Pivotal Engineering Journal

Technical articles from Pivotal engineers.

How Pivotal contributes to the Development of PostgreSQL 11

Summary of Pivotal Contributions to PostgreSQL 11


Ever since Pivotal announced to make Greenplum Database Open Source, and we started merging newer PostgreSQL versions, we also decided to support the development of the upstream project. This happens in various ways: by developing and contributing new features, reviewing patches from other contributors, or sending bugfixes to upstream.

Our Motivation

Not only is the PostgreSQL Project an awesome project with a thriving community, and it is fun to work with, in the long run this strategy has several advantages for us.

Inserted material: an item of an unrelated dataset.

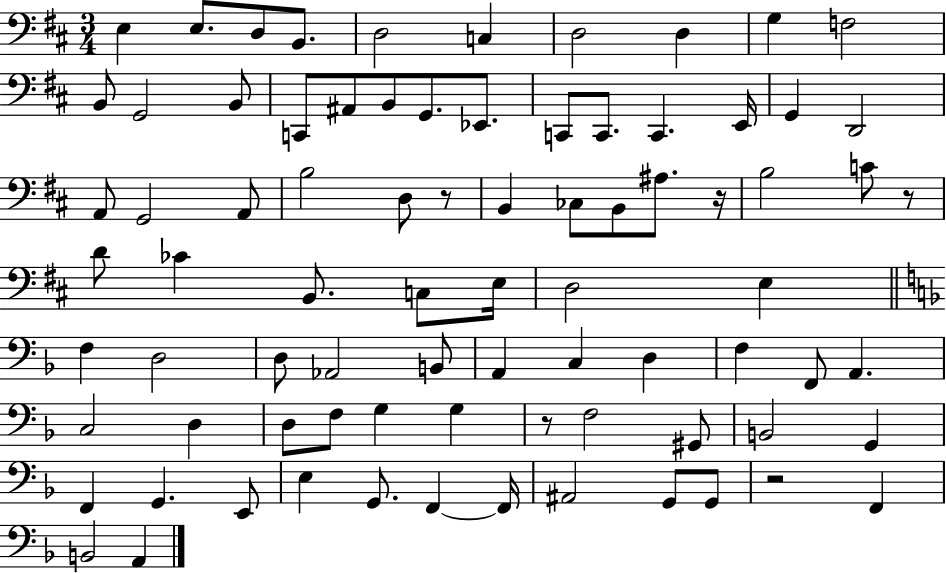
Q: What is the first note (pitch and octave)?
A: E3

Eventually the Greenplum Database merge process might catch up with PostgreSQL releases, and future versions might stay close to the upstream version. Every feature which is not only in our product but also available in upstream makes the merge process easier for us.

This strategy further closes the gap between the original project and the fork, and makes it easier for users to use both projects in parallel.

Last but not least, bringing features into upstream PostgreSQL “exposes” these features to a broader range of reviewing developers as well as users, and the feature is tested on a wider range of platforms, compared to what is supported by Greenplum Database.

Our Contributions

With PostgreSQL 11 entering the home stretch, it is time to look back and see what we contributed, and where we might be able to improve in the future.

This chapter lists three different kind of contributions:

  • Features we contributed
  • Features we reviewed
  • Major bugfixes we provided

That said, this list is not complete, because we do not count all the small fixes and patches we provided. Let’s just focus on the major items here.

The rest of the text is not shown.